Conçue en 1923, cette pendule en or, platine et cristal de roche a un dessin qui s’inspire des temples shinto du Japon. Elle est la première d’une série de six. (AIMABLEMENT FOURNIES PAR LA COLLECTION CARTIER)
En visitant l’exposition, on peut par exemple détailler avec délice une épingle à cheveux de la collection du NPM en forme de papillon en plumes de martin-pêcheur, agrémentée de rubis et de saphirs, encadrée d’or et ornementée de perles blanches. Le corps de l’épingle est cintré de filigrammes d’or et incrusté de turquoises tandis que les grandes ailes sont serties de pierres précieuses. On peut également longuement caresser des yeux cet étui à cigarettes russe taillé d’une seule pièce dans de la néphrite, équipé d’un cordon de soie noire, et qui fut vendu en 1914 par Cartier à Nancy Lee, la veuve du milliardaire américain W.B. Leeds. On ne peut également rester indifférent devant l’exquise broche montrant une panthère en platine, or blanc et diamants dressée sur un saphir de 152,35 carats, une pièce créée en 1949 par Cartier pour la duchesse de Windsor, Wallis Simpson, une fidèle cliente du bijoutier français pour l’amour de laquelle Edward VIII abdiqua en décembre 1936. Dans la partie portant sur la rencontre entre l’Orient et l’Occident, le collier en platine et diamants créé en 1928 pour Sir Bhupindar Singh, le maharajah de Patiala, représente l’une des pièces emblématiques de la Collection Cartier.

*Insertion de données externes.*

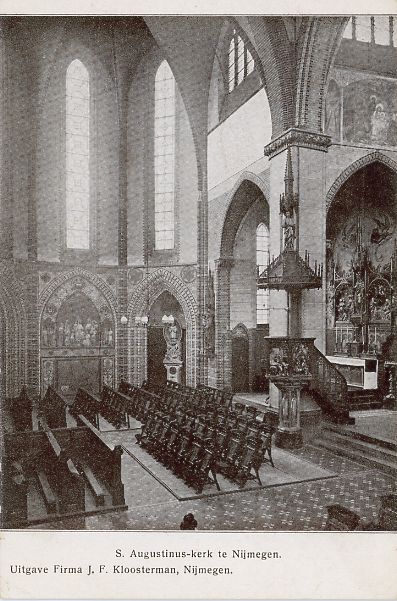 Nijmegen-Augustinuskerk-kerk04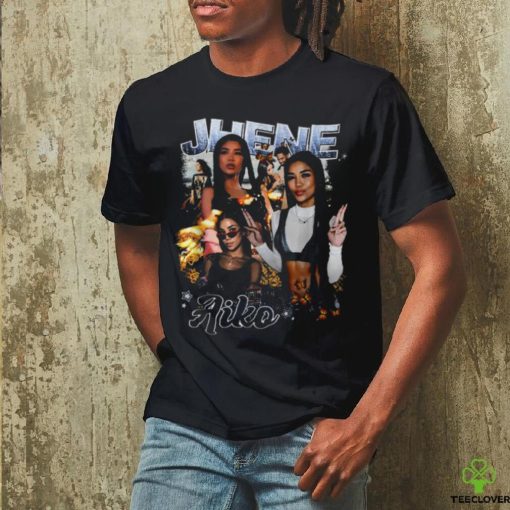 Jhene Aiko hoodie, sweater, longsleeve, shirt v-neck, t-shirt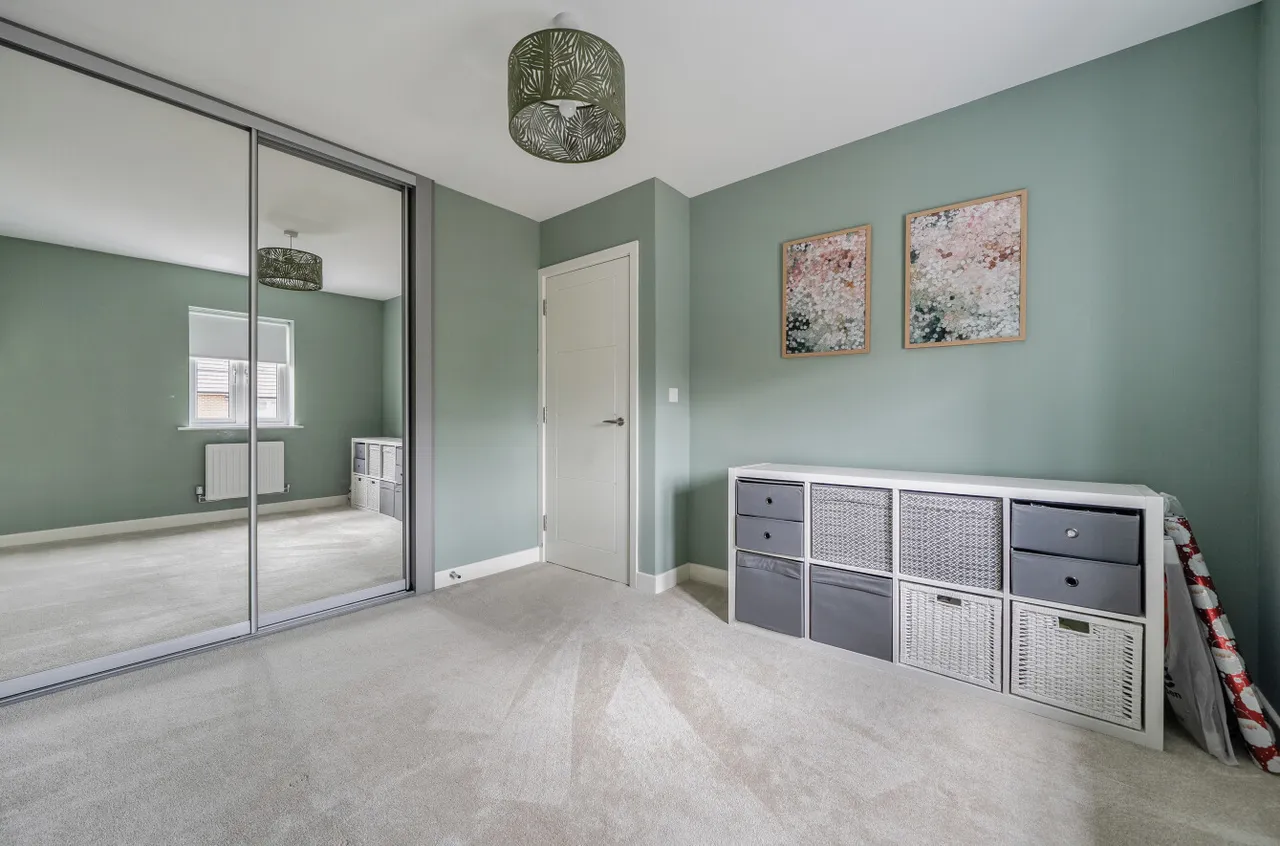 Skinner Drive, Wokingham, RG41, photo 15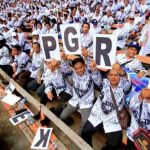 PGRI Perjuangkan Gaji Honorer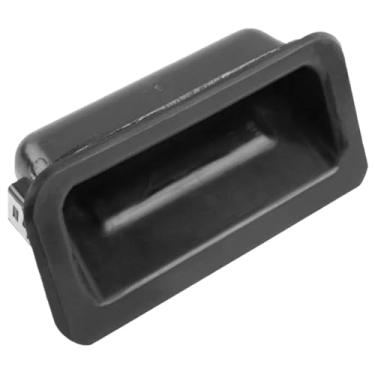 Imagem de Generic Interruptor de liberação do porta-malas traseiro 81260-a6200 Acessórios automotivos Manutenção 81260A6200 Substituição para i20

Dès les premiers jours, l’exposition a attiré beaucoup de monde et au NPM, on la qualifie déjà de succès. « Nous espérons que cette exposition réservera au visiteur quelques surprises sur l’Asie et ses différences d‘avec l’Occident », confie Tsai Mei-fen. Pierre Rainero n’est pas moins enthousiaste : « Cette exposition renforce la légitimité d’une collection commencée il y a plus de 30 ans, chaque nouvelle exposition apportant sa pierre à l’édifice de l’analyse du style d’une maison, et au-delà de celle-ci plus largement à l’histoire des arts décoratifs. » Il ajoute : « La Collection Cartier, comme la maison Cartier, a la vocation d’être généreuse : elle appartient au patrimoine des arts de la joaillerie et à ses admirateurs. » Et on peut penser qu’ils seront de plus en plus nombreux à Taipei.